Anything for both of us, or anything for general life for one of us that isn't "luxury" comes from the joint account. If it runs low, we top it up from the joint savings. If that runs low (fairly regular occurrence when big expenditure like car fixes etc come out), Dp tops it up. He also overpays the mortgage every now and then.

We recently went on a big holiday - Dp covered the vast majority of it, and does every time we go away. If I want something expensive, Dp tells me to get it on the joint account and ends up topping it up. So on the face of it, it's unequal because I have a lower salary but pay 50% of bills, but Dp ends up spending an awful lot more on both of us without complaint. He's also given me money for my savings to make use of ISA caps etc.

It works well for us, and while I don't know what he has in his account at any one time, nor does he know what's in mine, neither of us would let the other go without, nor would we let the other fritter money away.

Imissmypuppy · 19/12/2024 22:06

I think you should insist on an honest conversation. My parents argued about money for decades and I was insistent that dh and I were honest about it and that it wasn't a source of friction. DH is a high earner but that is neither here nor there - we intended to live a lifetime together - financial decisions are joint even if you don't have a joint bank account, they affect the whole family - they merit discussion.

Oblomov24 · 19/12/2024 22:17

We have a joint account which everything goes in, and out. We both spend whatever we want without even asking, but then neither of us is high-maintenance, nor silly, and we haven't had a crossed word about money in 30 years.
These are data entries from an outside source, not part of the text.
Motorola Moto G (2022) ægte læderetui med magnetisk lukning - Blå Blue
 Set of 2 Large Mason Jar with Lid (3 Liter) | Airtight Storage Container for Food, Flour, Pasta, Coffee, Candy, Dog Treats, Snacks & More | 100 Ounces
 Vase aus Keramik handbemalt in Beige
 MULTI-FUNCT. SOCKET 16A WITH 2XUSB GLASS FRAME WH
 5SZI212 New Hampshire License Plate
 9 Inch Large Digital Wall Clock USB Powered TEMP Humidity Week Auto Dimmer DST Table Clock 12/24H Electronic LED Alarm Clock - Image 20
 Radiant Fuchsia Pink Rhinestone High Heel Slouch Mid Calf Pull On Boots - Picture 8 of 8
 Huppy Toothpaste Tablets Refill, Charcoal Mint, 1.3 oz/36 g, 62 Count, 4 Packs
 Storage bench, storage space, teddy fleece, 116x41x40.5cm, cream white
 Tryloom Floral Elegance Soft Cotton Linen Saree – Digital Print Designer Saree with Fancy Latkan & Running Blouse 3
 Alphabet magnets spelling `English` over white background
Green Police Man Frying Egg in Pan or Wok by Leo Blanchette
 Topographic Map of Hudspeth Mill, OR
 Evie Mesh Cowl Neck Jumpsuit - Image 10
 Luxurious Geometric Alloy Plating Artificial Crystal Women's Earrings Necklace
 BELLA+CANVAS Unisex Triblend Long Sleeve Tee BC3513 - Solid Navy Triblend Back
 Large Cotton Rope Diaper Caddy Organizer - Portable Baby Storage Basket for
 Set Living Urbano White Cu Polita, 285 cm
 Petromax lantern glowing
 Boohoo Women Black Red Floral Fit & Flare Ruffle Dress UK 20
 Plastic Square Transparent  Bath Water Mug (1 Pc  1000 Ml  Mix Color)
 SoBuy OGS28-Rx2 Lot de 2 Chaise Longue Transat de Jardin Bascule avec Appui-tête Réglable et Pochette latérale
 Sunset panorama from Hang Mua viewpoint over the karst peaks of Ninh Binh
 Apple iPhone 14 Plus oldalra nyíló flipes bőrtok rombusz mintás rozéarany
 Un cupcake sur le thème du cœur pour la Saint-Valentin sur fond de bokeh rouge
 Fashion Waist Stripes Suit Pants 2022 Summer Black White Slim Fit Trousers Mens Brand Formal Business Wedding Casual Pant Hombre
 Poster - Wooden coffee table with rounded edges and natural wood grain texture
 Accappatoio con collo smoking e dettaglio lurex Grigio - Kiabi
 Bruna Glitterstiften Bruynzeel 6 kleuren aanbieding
Calmhappyandhealthy · 20/12/2024 05:40

Mamana127 · 19/12/2024 13:59

I’m the same I’m a medium spender but DH doesn’t buy anything at all he will fix until it can’t be fixed which is good for the environment but sometimes you just need that new lamp don’t you 😂. But I’m abit worried about what he is doing with his extra money, I feel like he says that so that I don’t expect him to pay more. I never complain I don’t have money ever if we need anything like milk etc I get it. We do a monthly food shop and we share the bill.

If I were you, OP, I'd be rather concerned about your DH and his money and his attitude to you and money

snowlaser · 20/12/2024 13:08

We are married with two children. We have a joint account we both pay into monthly and also individual accounts where we keep the rest. I earn about 60% of the household income and my wife 40% so we split bills 60/40 (we have a spreadsheet to check it all works out).